Futureverse, a leading AI and metaverse technology and content company, today announced the publication of research in the advancement of music AI with the launch of JEN 1, an unprecedented universal high-fidelity model for text-to-music generation.
Despite the significant advancements in AI modalities such as imagery and text, the generation of high-fidelity and realistic music continues to present distinct and complex challenges. Through today’s publication of its research paper, Futureverse, details an exceedingly efficient approach that demonstrates higher-quality outputs than the state-of-the-art baselines (such as MusicLM and MusicGen) previously released by Google and Facebook.
“JEN 1: TEXT-GUIDED UNIVERSAL MUSIC GENERATION WITH OMNIDIRECTIONAL DIFFUSION MODELS” written by Dr. Alex Wang, Patrick Li, Boyu Chen, Yao Yao, Allen Wang and Yikai Wang of Futureverse’s Altered State Machine innovation team details the intricacy of sound; noting that audio spans a wide frequency range, from low to high pitches, unlike speech, which has a more limited spectrum and explains that music, therefore, requires higher sampling rates (41.1kHz) compared to linguistic content (16kHz) to capture subtleties. This leads to increased data processing requirements for training. Older or less sophisticated audio quality can significantly affect the output negatively. Additionally, the combination of multiple instruments and complex melodic arrangements result in intricate sonic structures that necessitate refined training objectives.
JEN 1 is extensively analyzed against state-of-the-art baselines across objective metrics both computationally and through human evaluations made up of an advisory board of respected music industry A&Rs to be announced soon. Results demonstrate that JEN 1 produces music of perceptually higher quality (85.7/100) compared to current best methods (83.8/100). Futureverse has released a variety of early audio demos showcasing JEN 1’s approach.
“Human sensitivity to musical dissonance demands high precision in music generation. We have been working deeply in this space for the last two years. We are incredibly proud to publish a first look into our team’s significant progress in the advancement of music AI that will benefit creators and progress in the music industry,” said Shara Senderoff and Aaron McDonald, Co-Founders of Futureverse.
Futureverse Co-Founder, Shara Senderoff is a staple in the music technology space. Prior to launching Futureverse, Senderoff co-founded music tech venture fund, Raised In Space, with industry titan Scooter Braun and has been a prominent thought-leader for the innovation of music copyrights, royalties and revenue streams through approaches in blockchain and web3. Shara has been featured on Billboard’s “40 Under 40,” esteemed “Women in Music,” and Rolling Stone’s “Future 25.” McDonald, whose career includes 20 years in technology as an engineer, product developer, and business leader with portfolios worth over $1B, has focused on building Futureverse to empower developers and users to create and engage with interoperable content and applications previously unavailable within the metaverse. Together, Senderoff and McDonald have been investing in the web3 and blockchain space for over six years.

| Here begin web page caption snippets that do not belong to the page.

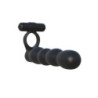 Dildo Doble Penetración Con Anillo Vibrador Fantasy C-Ringz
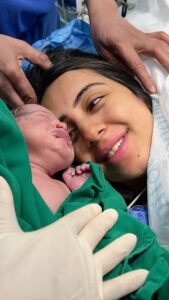 Sanjjanaa Instagram - Firstly , Thank you Dr HemaNandini to have made my pregnancy journey such a smooth one and to have been so supportive . “ C - SECTION “ IS ONE OF THE MOST MAJOR SURGERY THAT A WOMEN GOES THROUGH IN HER LIFETIME , WHERE 7 LAYERS ARE CUT OPENED IN A WOMENS WOMB , AND SHE IS EXPECTED TO BE ON HER FEET WITHIN A HOUR TO FEED HER CHILD , TAKING A ALL NEW RESPONSIBILITY FOR HER OWN CHILD ; WITH ONGOING CONTRACTIONS OF THE UTERUS HER WOMB BEING STITCHED ACROSS WITH ACUTE UNBEARABLE PAIN IN THE WEEKS TO COME , INITIATEING BREASTFEEDING AND DEAL WITH TONS OF VISITORS . IF YOU ARE A MOTHER VIA CESAREAN, (C-Section) YOU ARE MORE POWERFUL THAN YOU THINK & MUST FEEL PROUD OF IT . Entire video of the procedure of the birth of my son @princealarik is coming soon on my YouTube Channel , subscribe to my channel in my insta bio . #princealarik #instamom #instababy #indianactress #indianmom #indiankids #indiankidswear #actressmomhustle #justborn #indiancelebrity #indiancelebrities #momtobe #sanjjanaa #sanjanagalrani #sanjana #sanjjanaagalrani Bangalore, India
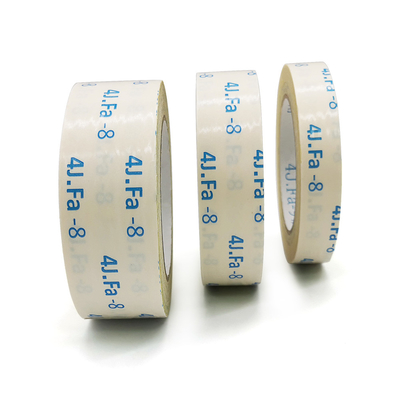Selbstklebendes doppeltes mit Seiten versehenes Teppich-Band 10 - 50mm Breite umweltfreundlich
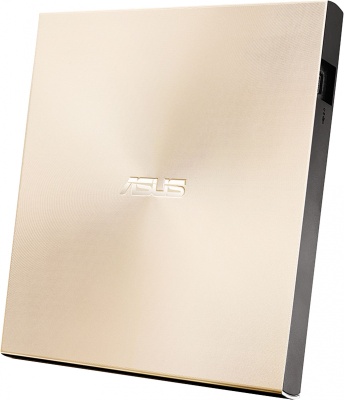 Привод DVD-RW Asus SDRW-08U8M-U золотистый USB slim ultra slim M-Disk внешний RTL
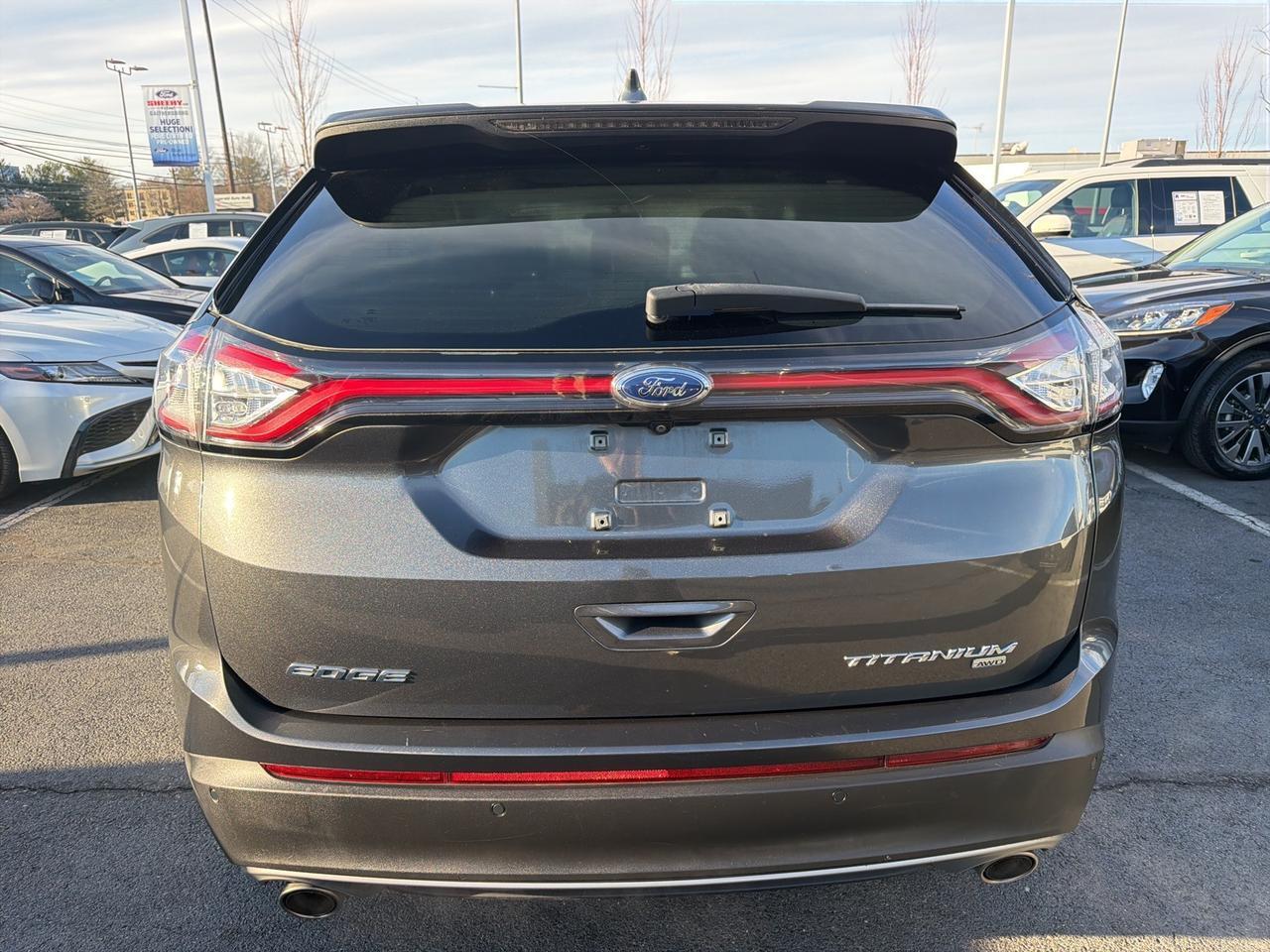 2018 Ford Edge Titanium Gaithersburg MD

The intersection of text and music, known as text-to-music generation, offers valuable capabilities to bridge free-form text prompts and musical compositions. The introduction of JEN 1 is the very beginning of what Futureverse is tackling as advancement in this space moves at the speed of light. JEN 1 performs various generation tasks including text-guided music generation, music inpainting and continuation while generating high-fidelity 48kHz stereo audio and maintaining computational efficiency. The speed of development in this space can’t go unnoticed.